The Macedonian Helsinki Human Rights Committee is demanding responsibility from the institutions. They cite articles from the Law on rescue and protection that where violated by the relevant institutions.
After the event was made public by the doctor who went on a heroic rescue mission, the Government called for a special commission to determine why there was a huge delay in dispatching a rescue mission.
Pavle Zafirov, the doctor from the Urgent Rescue service, who responded first to the call from the nearby city Shtip, has made the difficult-to-bear experience public via a Facebook post.
Zafirov summoned a driver and a medical technician before heading to pick up two relatives of the shepherd.
Together they drove between 30 and 40 kilometers before reaching a point from where they had to walk in order to reach the stranded shepherd and his mother.
The crew carried the patient on an improvised stretcher for five hours through snow-covered and in many places steep, mountainous terrain before reaching the vehicle.
According to Zafirov, relevant institutions of the state that were contacted prior to the hurried mission did not respond when they were called to act.
Stojanche Angelov from the Center for Crisis Management says its employee for the Kratovo region had contacted the local police, who couldn’t supply an all-terrain vehicle but also didn’t offer their help in rescuing the shepherd.
The same happened when he called the fire rescue department, the national forest agency, the national electric company EVN and the local public works agency.
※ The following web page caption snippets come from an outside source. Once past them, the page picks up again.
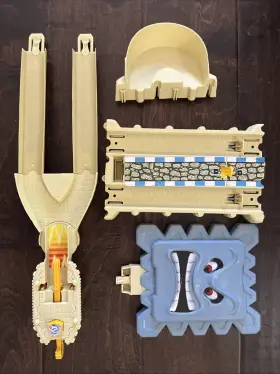 77322 Hot Wheels Mario Kart Thwomp Ruins Track
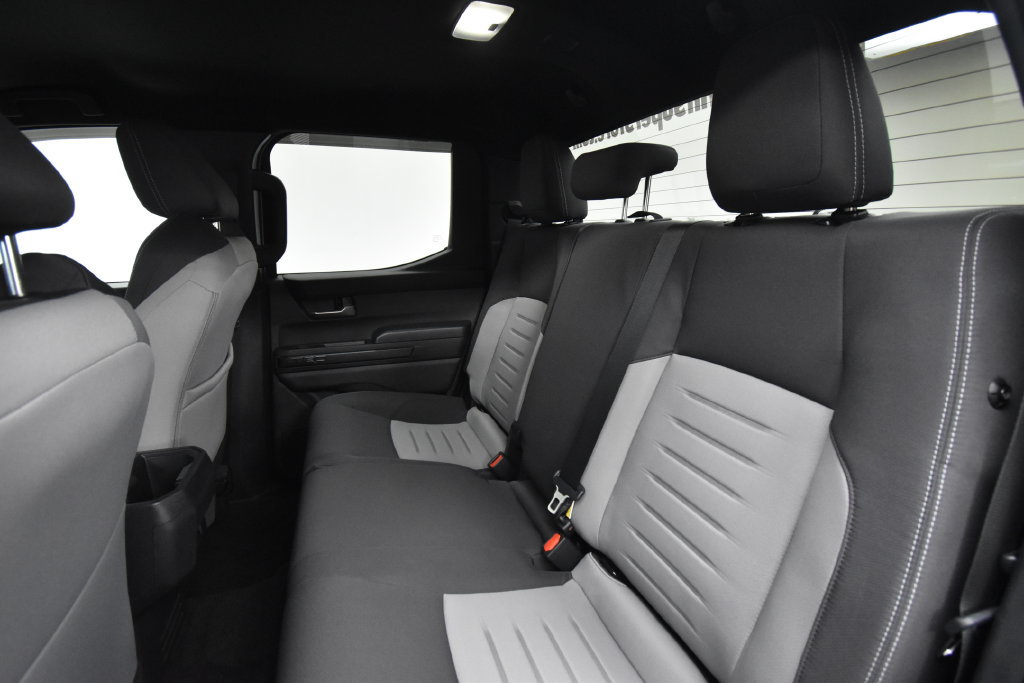 Used 2024 Toyota Tacoma TRD Sport AWD/4WD image 17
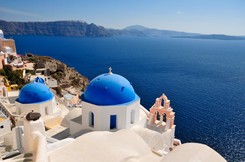 Bajkowa wyspa Santorini wyleci w powietrze? Zagrożenie na razie 'śpi' [FOTO]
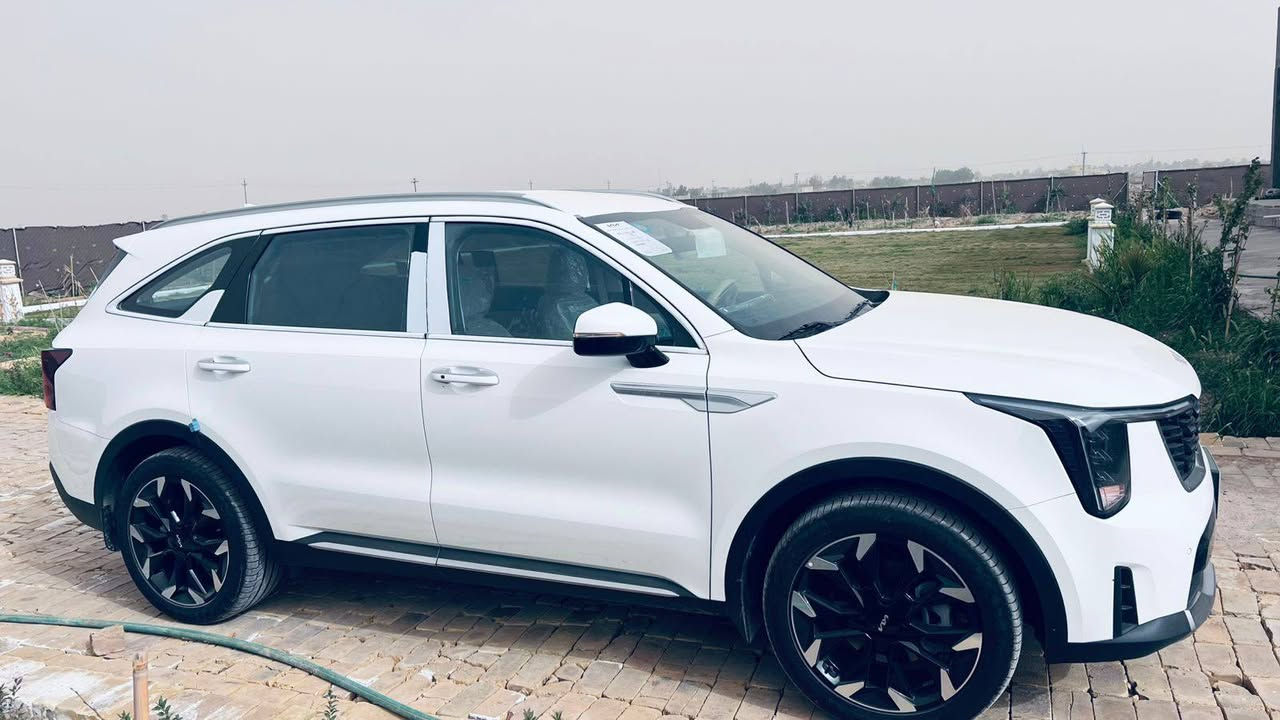 السلام عليكم سورنتو م 25 دوليه ابيض ماشيه 10 الاف كفاله عامه حتئ من الزلغ مكينه 6 كامرا وحدة ويل 20 بعدها ع ضمان  السعر315  وبيها مجال الشركه للاستفسار ع الرقم ***********
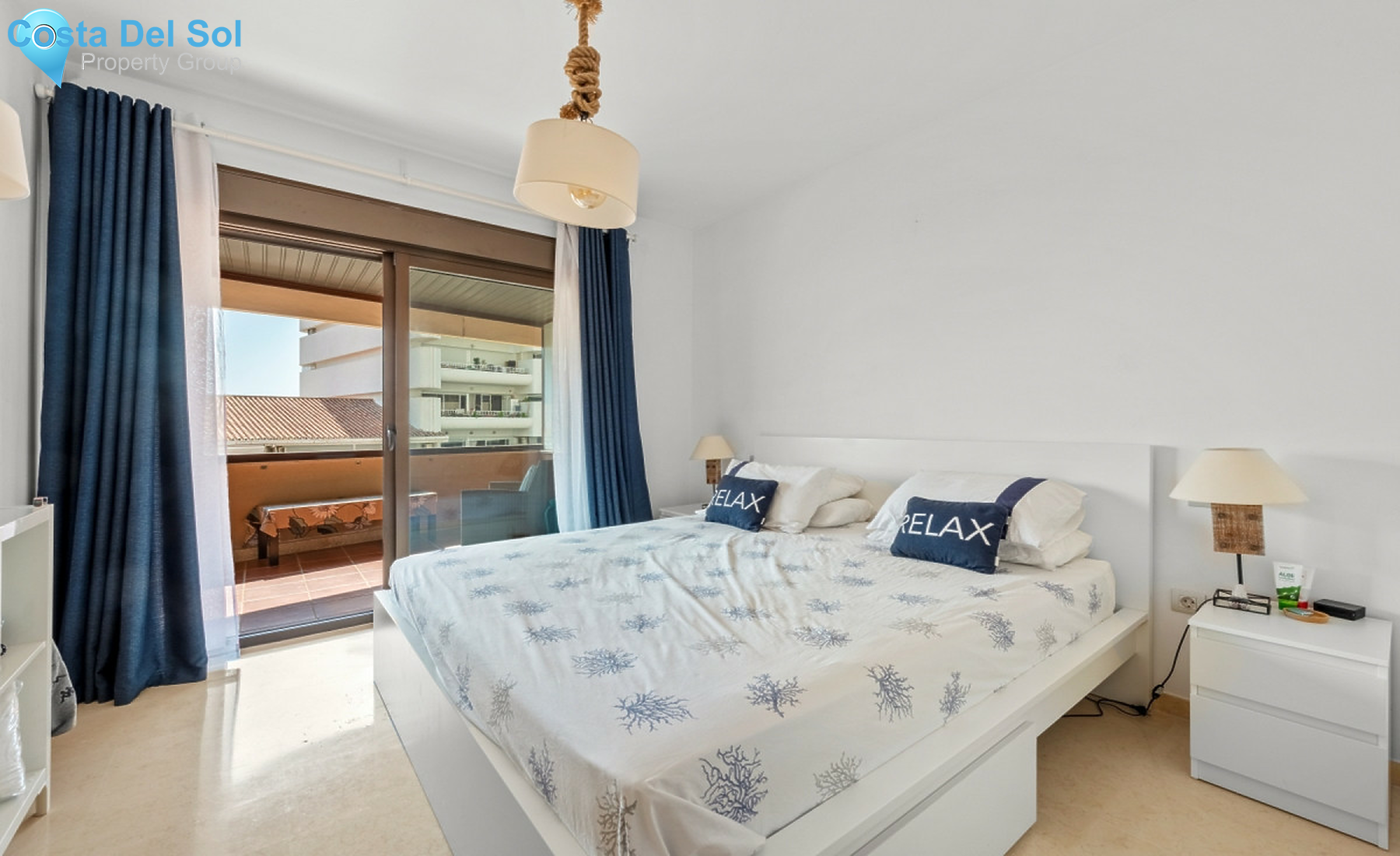 Middle Floor Apartment in The Golden Mile-1246211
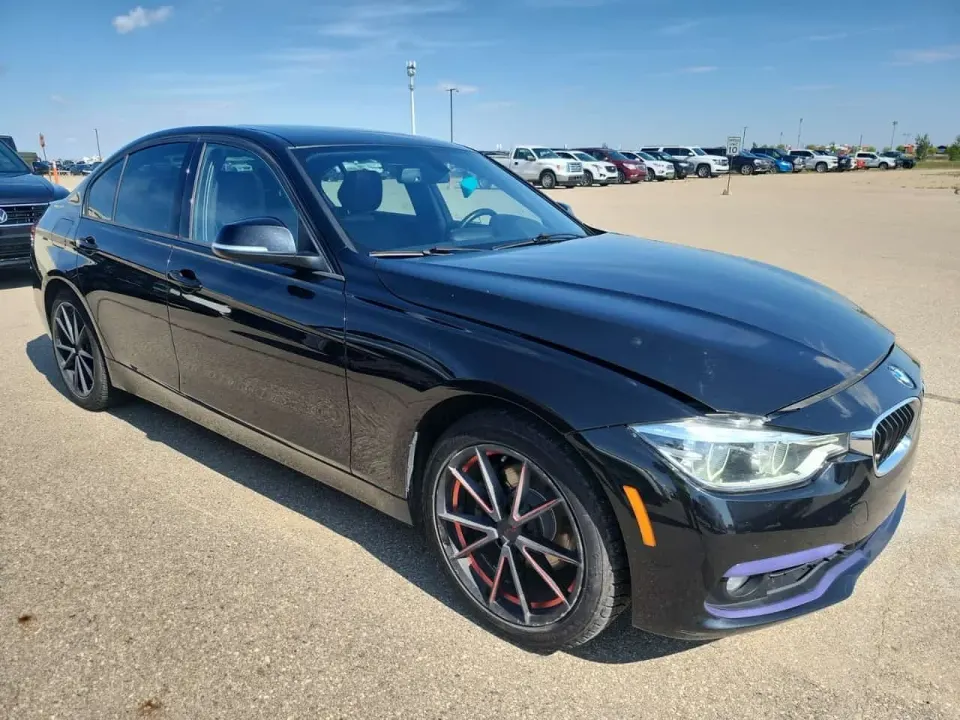 BMW Sedan 330i Xdrive 2018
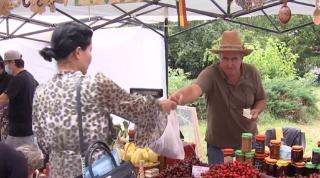 S-au redeschis târgurile populare. Ce delicatese româneşti au fost pregătite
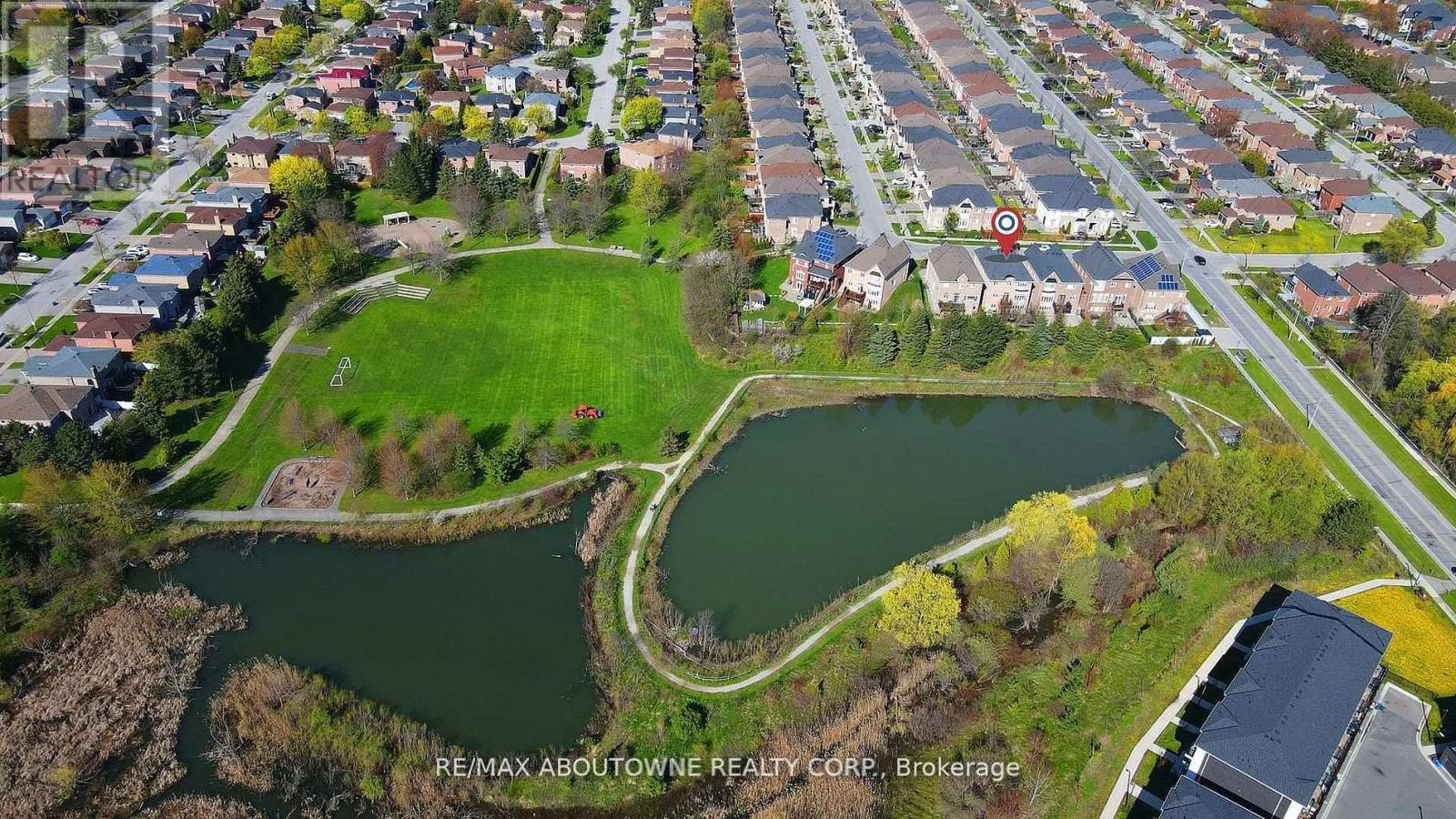 












16 GRACEDALE DRIVE

,
Richmond Hill (Westbrook),




Ontario
L4C0Y3


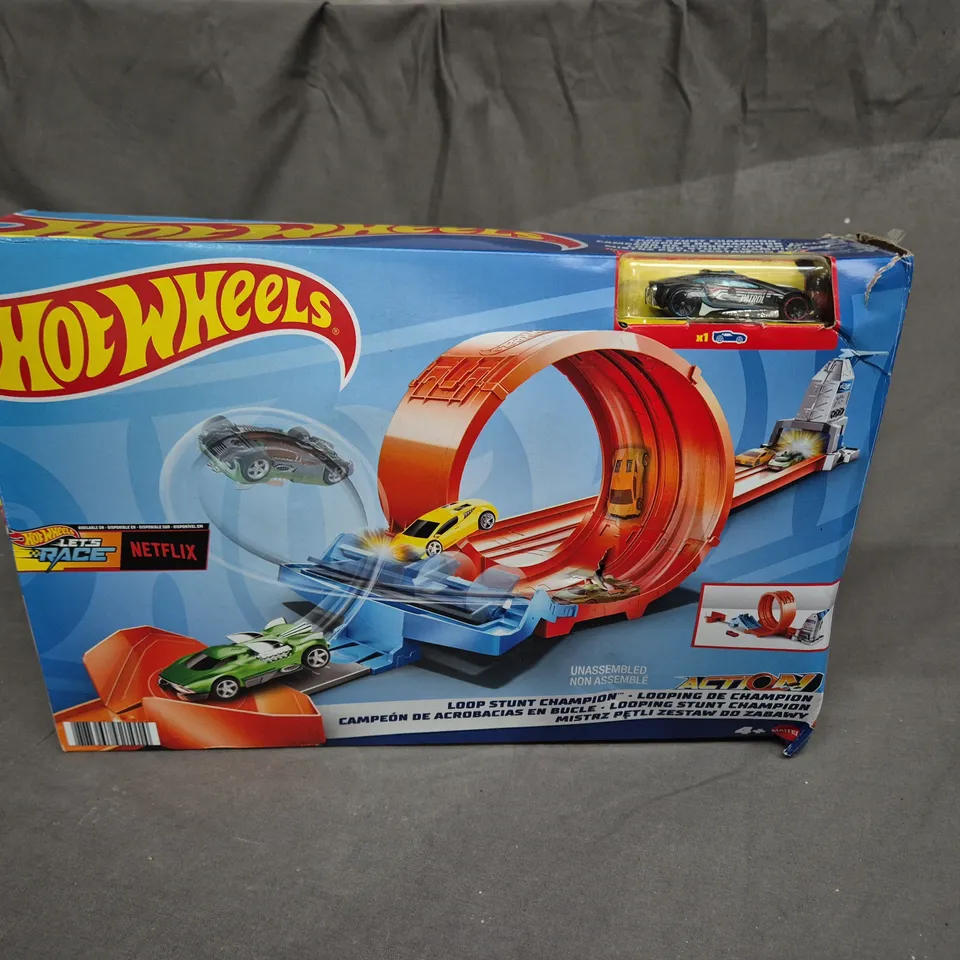 HOT WHEELS LOOP STUNT CHAMPION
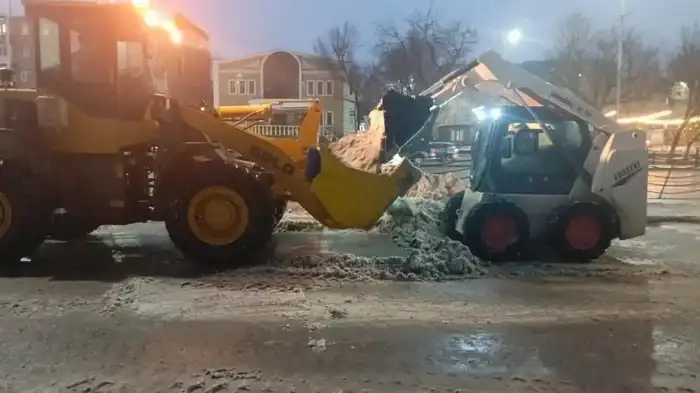 Коммунальные службы Астаны продолжают борьбу с гололедом, используя 3 500 тонн техсоли и убирая 1,4 миллиона кубометров снега Астане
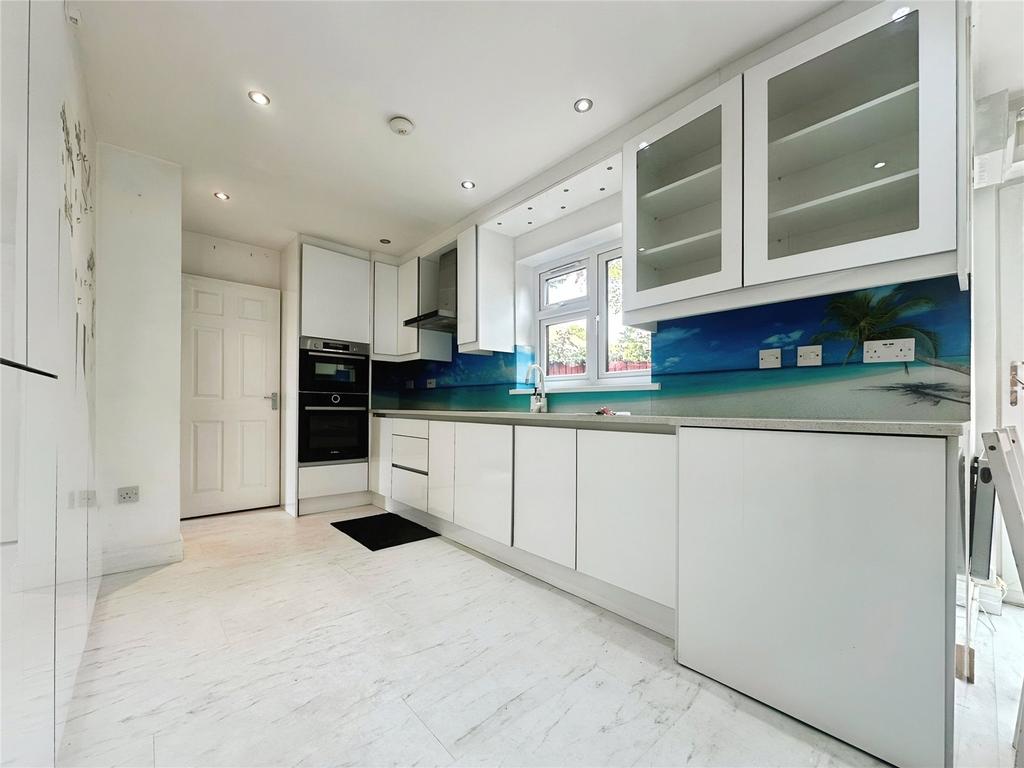 Reception/Kitchen
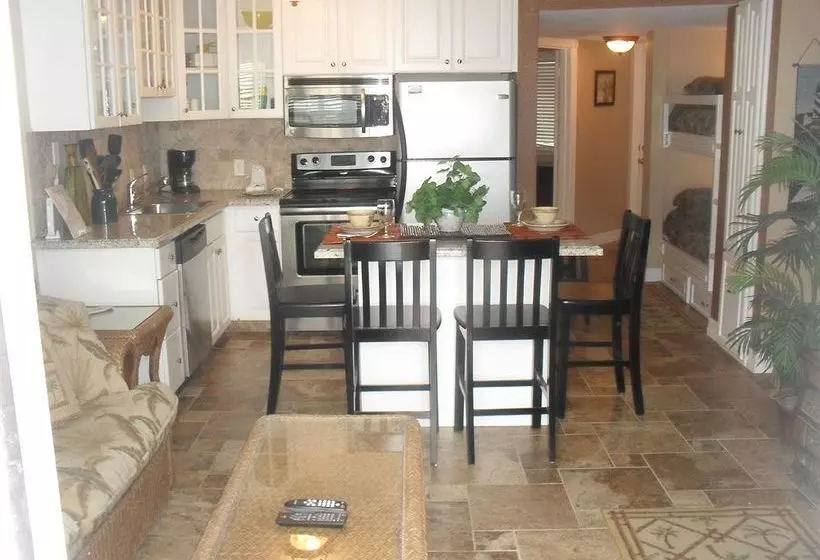 استراحتگاه Seascape 2313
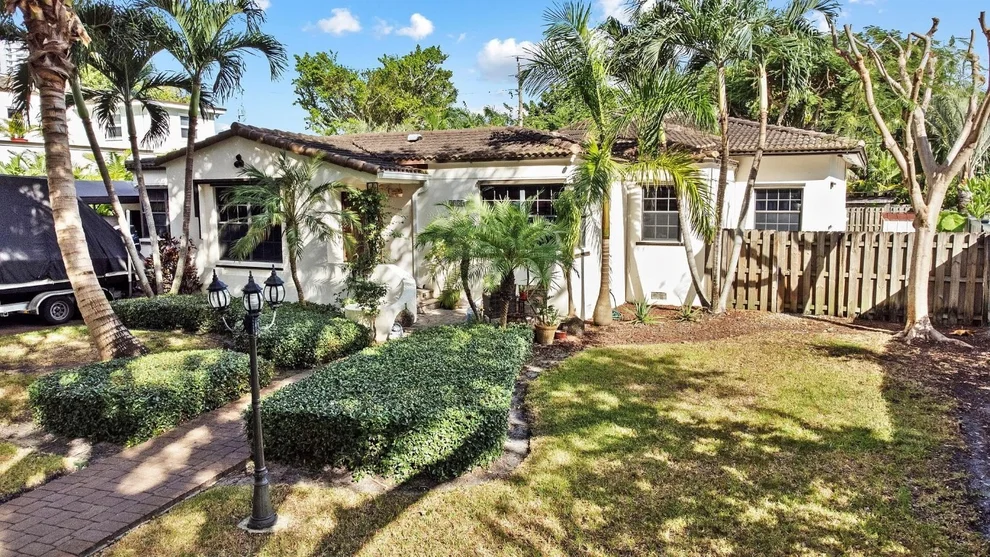 Unit for sale at 1551 Monroe Street, Hollywood, FL 33020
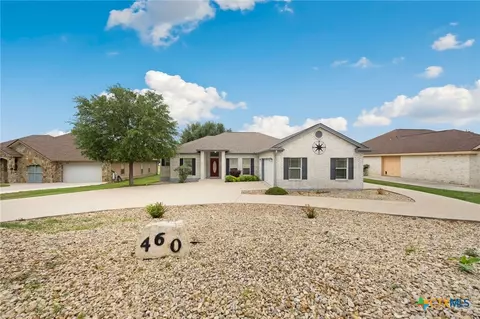 460 Shayla Ln, Canyon Lake, TX 78133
None of these agencies saw the urgency to supply an all-terrain vehicle.
According to Angelov, his agency’s operative could have called for a helicopter, but it is unclear who grants that permission because that person can’t decide on his own. Angelov says there needs to be an urgent change in the procedure when responding to urgent events.
Macedonian President Stevo Pendarovski chimed after the event reached the media, saying had there been a request for a helicopter, the Army would have provided one.
Pavle Zafirov’s account of the events via his Facebook profile state:
We reached a heart-rending situation. The person had fallen from the goat trail that leads from his house in the village higher up to the sheep corral where he looks after a significant number of sheep.
During this period the sheep are giving birth and they need to be looked after frequently. It was a wonder that the shepherd remained alive after being stranded in a polar temperature for 12 hours.
He was found by his 90-year-old mother who wasn’t able to carry him yet remained by his side looking for ways to keep him warm.
Upon reaching the location I asked the relatives and the medic whether they are ready to carry the man to the vehicle. I was conscious about the risk in which I am placing the people and myself, but I had to take responsibility.
My profession doesn’t allow me not to transport the patient, who was fortunate to survive these conditions.
The relatives went to get poles and blankets. We wrapped the shepherd in blankets that we laid on the improvised stretcher.
We had to secure the device by sewing the blankets onto the poles. It took us five hours to carry the patients on trails that pass through extremely steep terrain and a forest.
In many places, the trail was covered in snow. We had to cross a river and go up a steep slope that few people would dare to tackle,” writes the hero, Pavle Zafirov.